How was it? Mostly pretty good, sometimes great, occasionally transcendent, and, for what seemed like long stretches, fairly ordinary. By far the best thing about the performance was Hans Hotter's Wotan, who totally dominated the stage with his commanding voice and imposing characterization. Astrid Varnay's Brünnhilde was next best, her imperious voice and passionate delivery creating a portrayal of tremendous power and depth. Regrettably, Hotter and Varnay don't appear in Act I, and neither Gré Brouwenstijn's wilting Sieglinde nor Ramón Vinay's weak-kneed Siegmund were able to convey their character's fate-driven intensity with anything like the strength of Hotter or Varnay. The performance's long stretches of fairly ordinary were supplied by conductor Joseph Keilberth and the Bayreuther Festspiele Orchester.

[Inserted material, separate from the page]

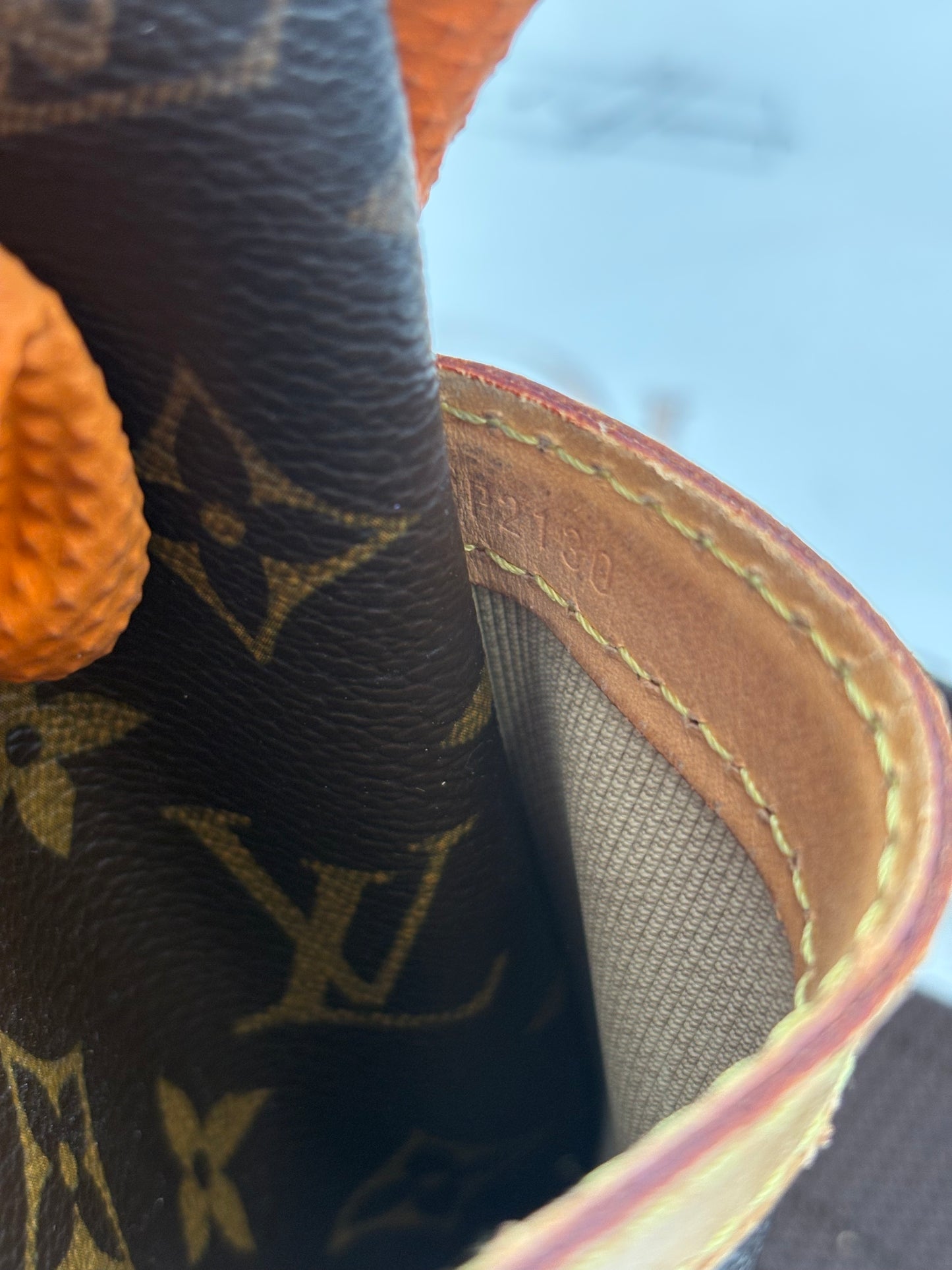 018692 - Louis Vuitton Reporter PM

Keilberth could rise to an occasion -- the blazing climax of Act III is astounding -- but most of the time he is more of an accompanist than a conductor and consequently much of the drama drags. The Bayreuth orchestra likewise could rise to an occasion -- the glowing colors in the Act I finale are astonishing -- but too often it sounds not quite together -- the strings in the Act I Prelude -- or not altogether in tune -- the low brass in the Ride of the Valkyries at the start of Act III. The live stereo sound was amazingly fine considering its vintage and provenance -- the sense of time, place, and motion is palpable even if the orchestra sounds a bit harsh -- but, it has to be said, nowhere near as vivid and immediate as Culshaw's studio sound.

For older Wagner fans who already have a half-dozen or more Rings, this cycle will make an interesting addition to the collection. For younger Wagner fans looking to get their first Ring, try the Solti/Vienna cycle. It's still the most successful performance ever recorded.